DIRECTIONS: Everything from the line holding "Furniture of America" through the final line of the records is to be transcribed exactly, except pictures, and nothing beyond that.
#### TASK DATA ####
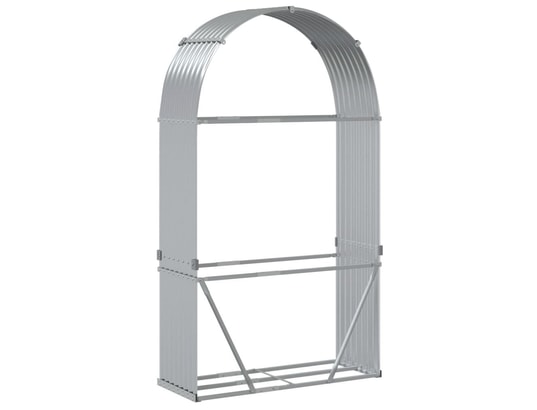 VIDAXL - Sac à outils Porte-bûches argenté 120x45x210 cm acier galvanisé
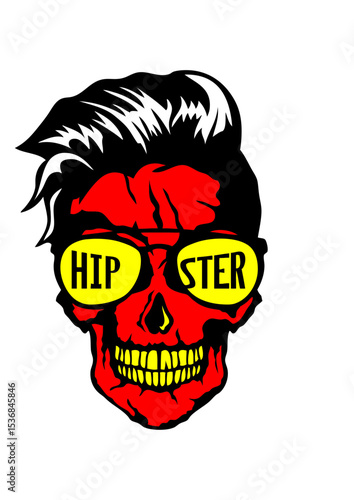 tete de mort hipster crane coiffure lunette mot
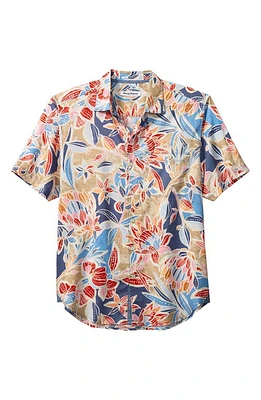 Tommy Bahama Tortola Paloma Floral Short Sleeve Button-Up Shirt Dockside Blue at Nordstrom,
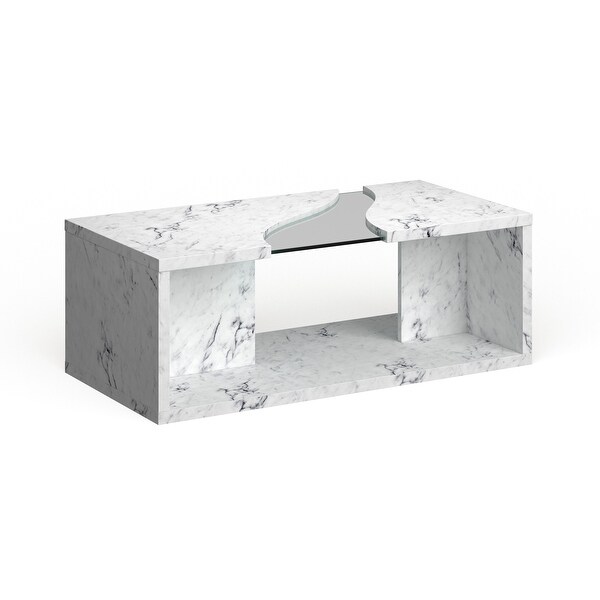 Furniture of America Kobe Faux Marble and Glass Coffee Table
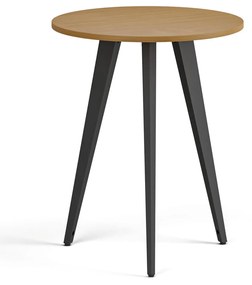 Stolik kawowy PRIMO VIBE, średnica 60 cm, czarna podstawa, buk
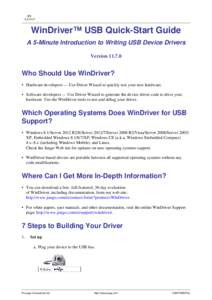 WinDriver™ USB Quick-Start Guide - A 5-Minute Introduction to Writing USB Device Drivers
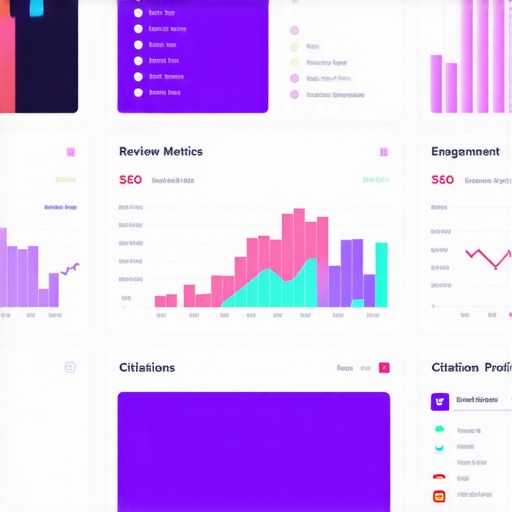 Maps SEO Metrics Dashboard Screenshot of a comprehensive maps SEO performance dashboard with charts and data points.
####
TASK ANSWER:
 Furniture of America Kobe Faux Marble and Glass Coffee Table
 Stolik kawowy PRIMO VIBE, średnica 60 cm, czarna podstawa, buk
 WinDriver™ USB Quick-Start Guide - A 5-Minute Introduction to Writing USB Device Drivers
 Maps SEO Metrics Dashboard Screenshot of a comprehensive maps SEO performance dashboard with charts and data points.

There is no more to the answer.